Maren Kroymann: Ja … ja … ja.
JvdL: Ich sage das vorwurfsvoll aber ohne Bitterkeit.
MK: Also ich finde Outfit kann man doch akzeptieren, ein Kompliment. Wenn es so was unterschwelliges hat ‚Oh, hast ja ne super Figur, tolle Beine‘ oder … so was geht in eine Richtung die ich unangenehm finde – wenn sozusagen der Körper … die Körperhaftigkeit der Frau in diesem Outfit mehr gelobt wird …
JvdL: Also Maren, wie soll ich denn den Intellekt loben, wenn der sich im Moment nicht aufdrängt?
MK: Intellekt war jetzt gerade nicht das Thema.
JvdL:.Doch, Du hast gesagt ‚die Körperhaftigkeit der Frau‘ ich sehe aber nur die Körperhaftigkeit. Ich müsste also sagen „Wenn du so schlau bist, wie du toll aussiehst …“ … dann hab ich ernsthaft ein Problem.
MK: Das ist auch ein schöner Satz. Da hat sich jemand extrem Mühe gegeben. Das ist schon mal ein Pluspunkt.
JvdL: Das war ich.
MK: Ja ich weiß.
JvdL: Das nähmst du nicht übel?
Sabine Heinrich: Ich würd’s übel nehmen. Wenn du das so sagen würdest da hätte ich das Gefühl, der will mir gleich seine Telefonnummer geben.
MK: Leuchtet dir nicht die Trennung … also es ist doch ein Unterschied, ob ich das Outfit oder den Körper der Frau lobe. Das kann man doch klar machen, sprachlich.
JvdL: Die Frage ist doch, ob ich mittlerweile nicht mehr sagen, nicht mehr formulieren darf, dass ein Mensch mir äußerlich gut gefällt.
SH: Ich spüre ja die Verunsicherung die du hast, wenn man kein Kompliment mehr machen darf. Ich traue Männern durchaus zu, eine Situation abschätzen zu können.
JvdL: Ich empfinde ein Kompliment in aller Regel als schön, wenn man mir ein Kompliment macht. Und es ist schade, wenn man sich überlegt, ob man ein Kompliment macht. Da geht vielen etwas verloren.
MK: Verstehe. Aber was spricht denn dagegen, dass man einen Kontakt sucht zu der Person, der man das Kompliment macht, und abschätzt wie sich die Person mit dem Kompliment fühlt. Dagegen spricht doch eigentlich nichts. Das ist ja im Gegenteil eine sehr angenehme Zuwendung, die diese Person dann erfährt, weil du dir Gedanken machst über sie. Das ist eigentlich auch sehr respektvoll und sehr schön. Also nicht nur dein Kompliment ist schön.

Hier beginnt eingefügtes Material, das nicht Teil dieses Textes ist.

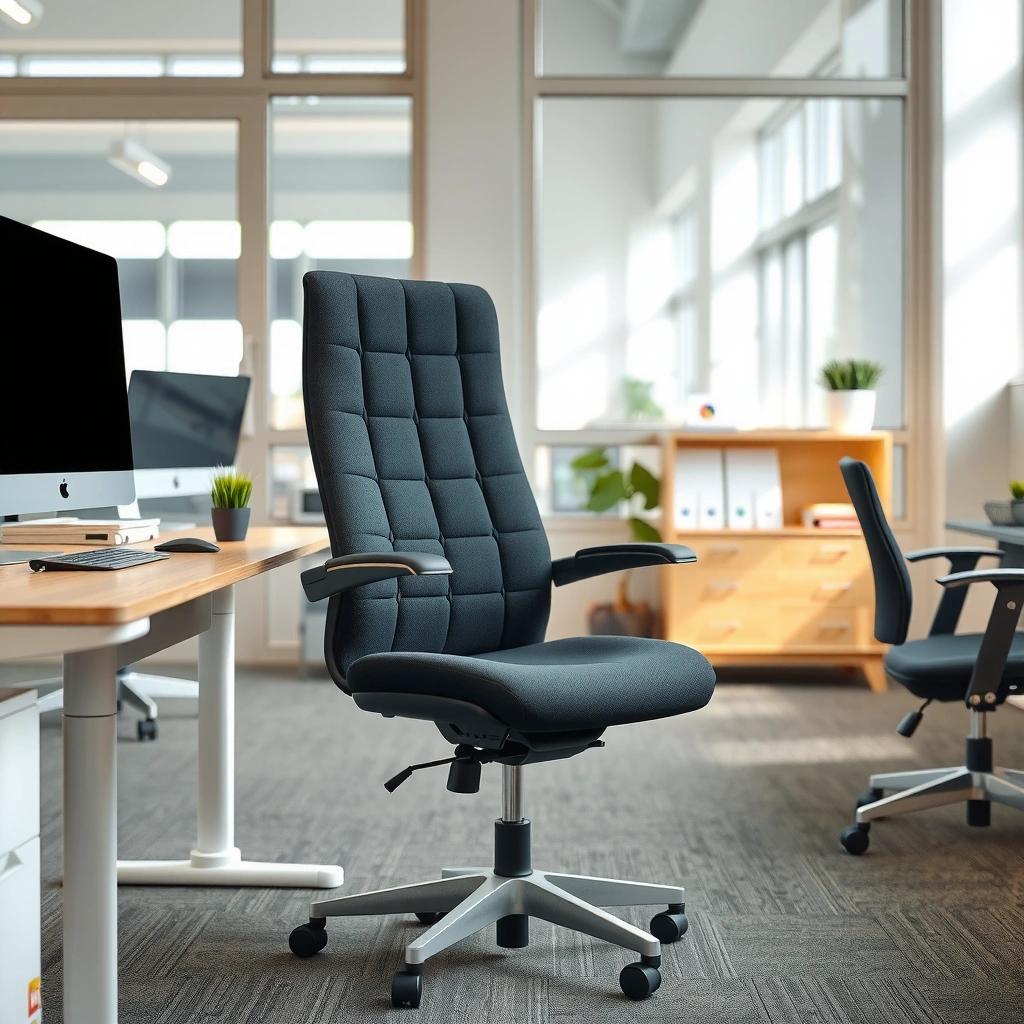 Key Specs - Office Star Products Task Chair Review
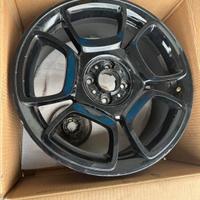 Cerchi 500 abarth 17 pollici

JvdL: Wie soll ich das machen
MK: Hingucken, nicht nur senden, auch empfangen
SH: Ohh Maren, super, das ist … das find‘ ich gut.
Viel Applaus und Ende dieses Themas.

Kritik
Langsam gelesen finde ich dieses Gespräch geradezu erschreckend: Was für ein Menschen- und Geschlechterbild steht hinter solchen Aussagen? Mit solchen Sonderregeln für Männer, die die Frau zur Königin machen, der der Mann sich nur noch gaaanz langsam und vorsichtig zu nähern hat. Wobei er Signale auszusenden und Ihre Reaktion zu empfangen und zu interpretieren hat, um ihren Unwillen nicht zu erregen – weil er sich sonst wessen schuldig macht? Würden Sie auch einer Frau den Rat geben, den ‚Kontakt zu suchen zu einem Mann den sie zurückweist und abzuschätzen wie sich die Person mit der Zurückweisung fühlt‘?

Worauf gründet dieses Selbstverständnis, einen Anspruch auf Sonderbehandlung ‚Der Frau‘ geltend machen zu dürfen? Was ich hier sehe ist nicht das Bild einer modernen, toleranten, demokratischen Gesellschaft, sondern Intoleranz, Sexismus und Demokratiefeindlichkeit. Wollen Sie das wirklich oder habe ich Sie da missverstanden?